Understanding Provisional Invoicing in Levridge

By Levridge staff | Published: Jun 27, 2024 | Accounting , Product Updates , Release Notes | read

The Spring 2024 update to Levridge, introduces a powerful new feature: provisional invoicing. This functionality is particularly valuable in industries like ethanol production, where the final price of a product is often determined after the shipment has been delivered.

What is Provisional Invoicing?

Provisional invoicing allows businesses to issue an initial invoice for a nominal amount at the time of shipment, with a final invoice issued later to reflect the actual price. This process is particularly useful when the final price is dependent on market conditions or other factors that are determined after the product has been delivered.

Setting Up Provisional Invoicing in

To use provisional invoicing, it must first be enabled in the system. This is done in Microsoft Dynamics Finance and Operations, through the Feature Management area in System Administration:

1. Navigate to System Administration.

2. Select Feature Management.

3. Search for “provisional” to find the relevant feature.

4. Enable “Provisional Ship Not Invoiced”.

You must also set up the product configuration. Not all products will use provisional invoicing, so it must be configured on a per-product basis. For example, if you only want to provisionally invoice ethanol:

1. Go to Product Information Management.

2. Select Released Products and find your ethanol product.

3. In the product settings, enable provisional invoicing and specify the final invoicing item number.

This setup ensures that the product can be provisionally invoiced, and the final invoice will account for the difference between the provisional and final prices.
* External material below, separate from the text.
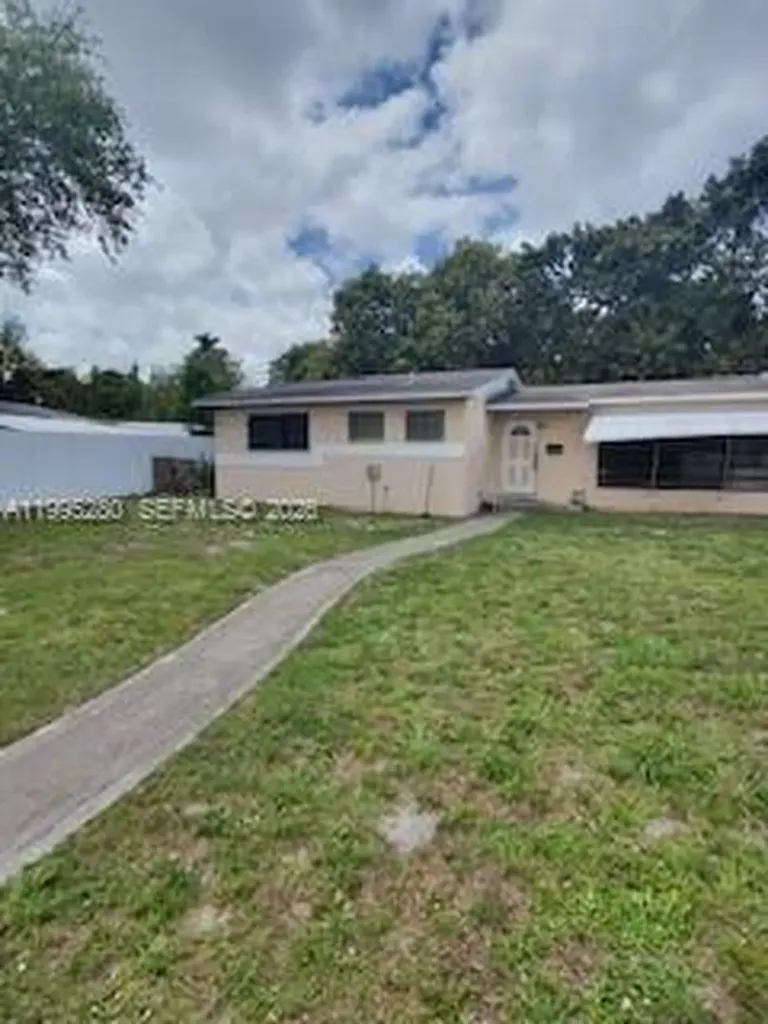 18640 NW 11th Road Miami Gardens FL 33169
Creating a Provisional Invoice Contract

Once the setup is complete, you can create a provisional invoice contract through the following steps:

1. Go to Commodity Accounting.

2. Select Sales Contracts and create a new contract.

3. Choose a product like ethanol and a customer, e.g., Marathon Oil.

4. Specify the quantity and delivery details.

Provisional invoicing is typically used with basis contracts where the basis is set but the board price may vary.

Provisional Invoicing Process

After setting up the contract, the initial step is to issue a provisional invoice. This involves:

1. Shipping the product to the customer.

2. Creating a provisional invoice for a nominal amount at the time of shipment.

The provisional invoice reflects a preliminary amount based on current known values.

Final Invoicing

Once the final price is determined, a final invoice is issued to account for the difference between the provisional amount and the actual price:

1. Set the final price once the delivery period is over.

2. Generate a final invoice that calculates the difference.

For example, if the provisional price was $1.00 per gallon and the final price is $1.50, the final invoice will reflect an additional $0.50 per gallon.

Managing Risks with Provisional Invoicing

One of the advanced features of Levridge 2024R1 is its ability to manage the risks associated with provisional invoicing. This is achieved through integration with the long-short hedge position:

1. Go to Commodity Accounting.

2. Select Inquiries and Reports under Risk.

3. View the Hedge Position Report.

The system uses a provisional calendar, like the Chicago Mercantile Exchange calendar, to allocate a portion of unshipped, provisionally invoiced contracts to the cash position. The calendar is crucial as it helps in calculating the allocated quantity based on the number of market days in the delivery period.

Creating and Using a Provisional Calendar

A provisional calendar is essential for accurate risk management. Here’s how to set one up:

1. Create a new calendar in the system.

2. Define working times, ensuring to account for market open and close days.

For instance, if you set up a calendar for May, you need to ensure that it only includes days when the market is open. The system will automatically generate days and you can manually adjust to reflect open or closed statuses as needed.

Summary

Levridge 2024R1’s provisional invoicing feature is a significant enhancement for businesses dealing with products whose prices are finalized post-shipment. By enabling this feature through system administration and configuring it per product, companies can issue provisional and final invoices accurately. The integration with risk management tools ensures that businesses can also manage the financial risks associated with provisional invoicing effectively. This update not only streamlines the invoicing process but also provides robust tools for financial oversight and risk mitigation.

For businesses in the ethanol industry or similar sectors, leveraging provisional invoicing can lead to more accurate financial management and better alignment with market conditions, ultimately contributing to improved operational efficiency and profitability.